*What the task asks:*
Using the records below, output the stretch that opens with the line containing "Nong Prue Villa | Private Pattaya Resort" and closes with the line containing "Miyagawa Retro Strap", exactly and including both lines, with nothing more.

*Data for review:*

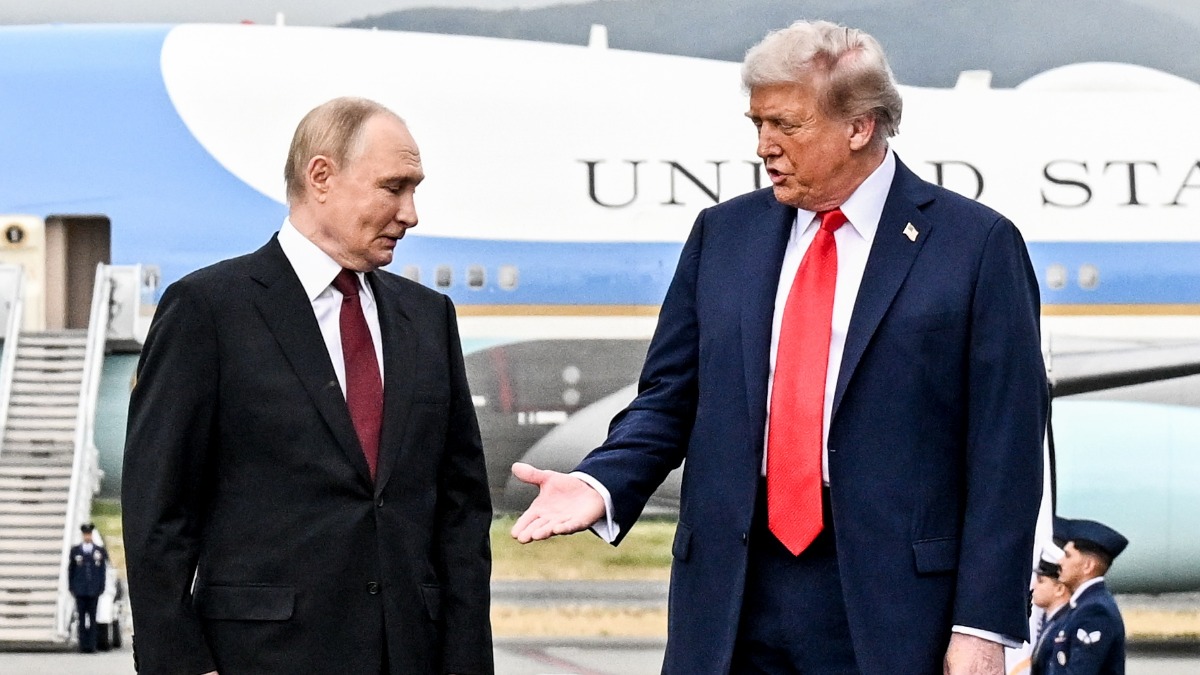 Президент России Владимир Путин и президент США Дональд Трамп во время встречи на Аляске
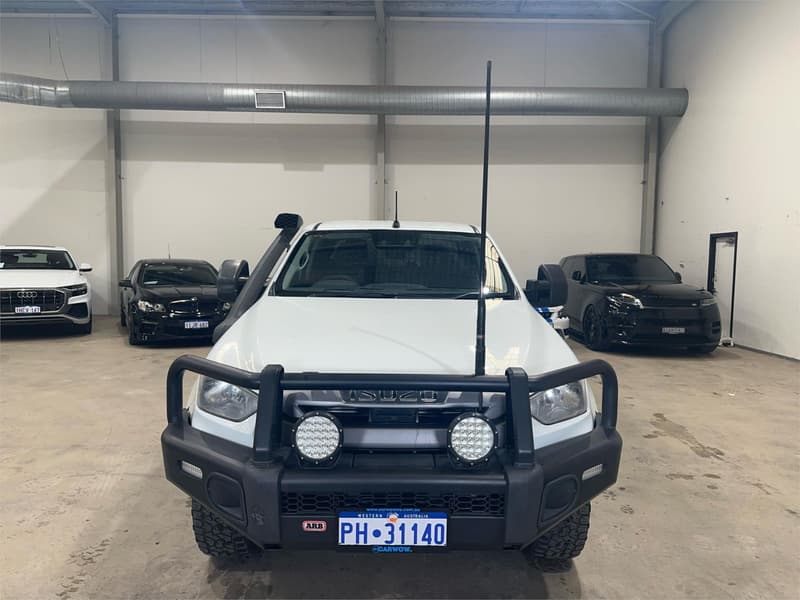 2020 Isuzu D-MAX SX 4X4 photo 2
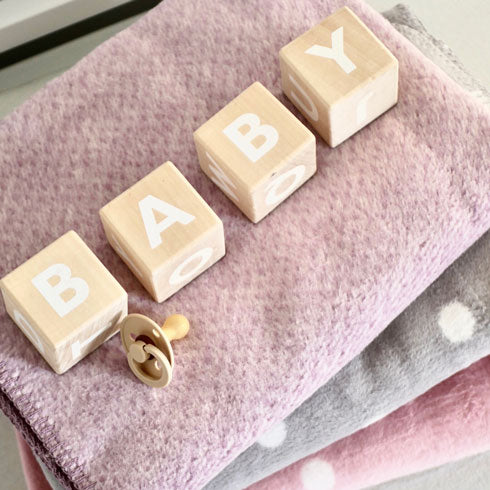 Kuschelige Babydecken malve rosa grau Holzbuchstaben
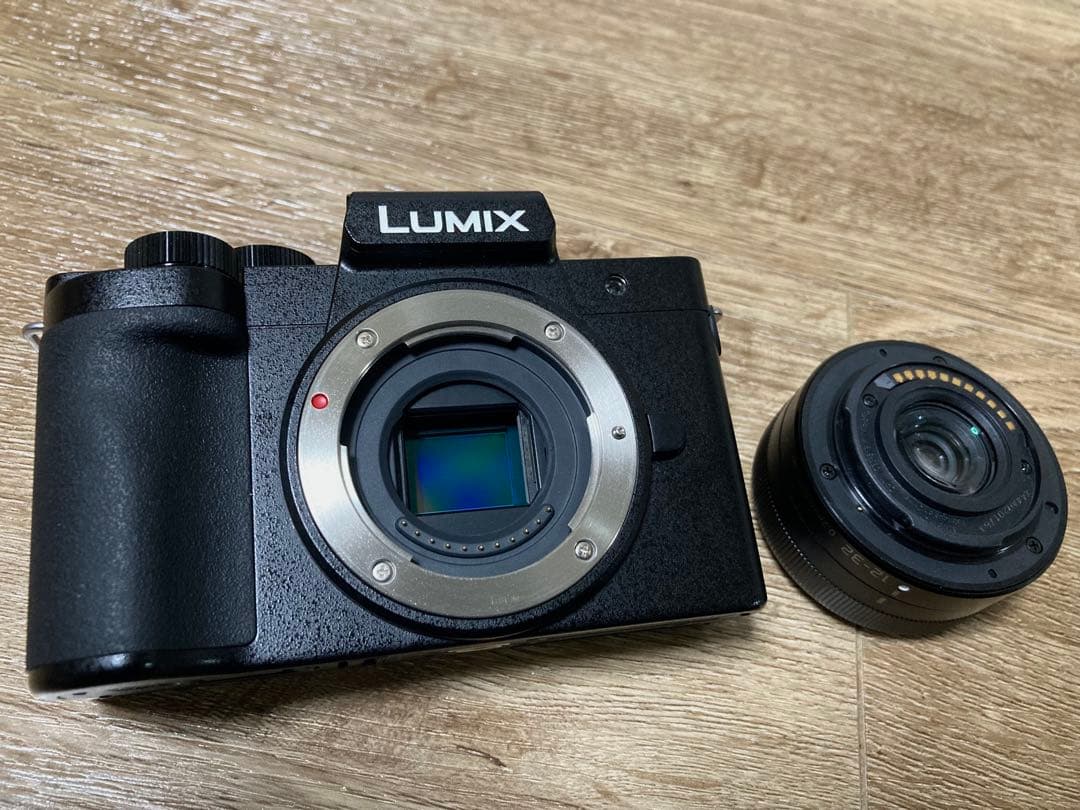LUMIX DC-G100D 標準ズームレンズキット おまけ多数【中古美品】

==

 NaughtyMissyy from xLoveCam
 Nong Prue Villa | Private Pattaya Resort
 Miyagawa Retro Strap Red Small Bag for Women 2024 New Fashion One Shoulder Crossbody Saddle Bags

==

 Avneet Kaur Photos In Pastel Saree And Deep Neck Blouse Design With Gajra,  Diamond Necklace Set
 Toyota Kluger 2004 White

*Answer to the exercise:*
 Nong Prue Villa | Private Pattaya Resort
 Miyagawa Retro Strap Red Small Bag for Women 2024 New Fashion One Shoulder Crossbody Saddle Bags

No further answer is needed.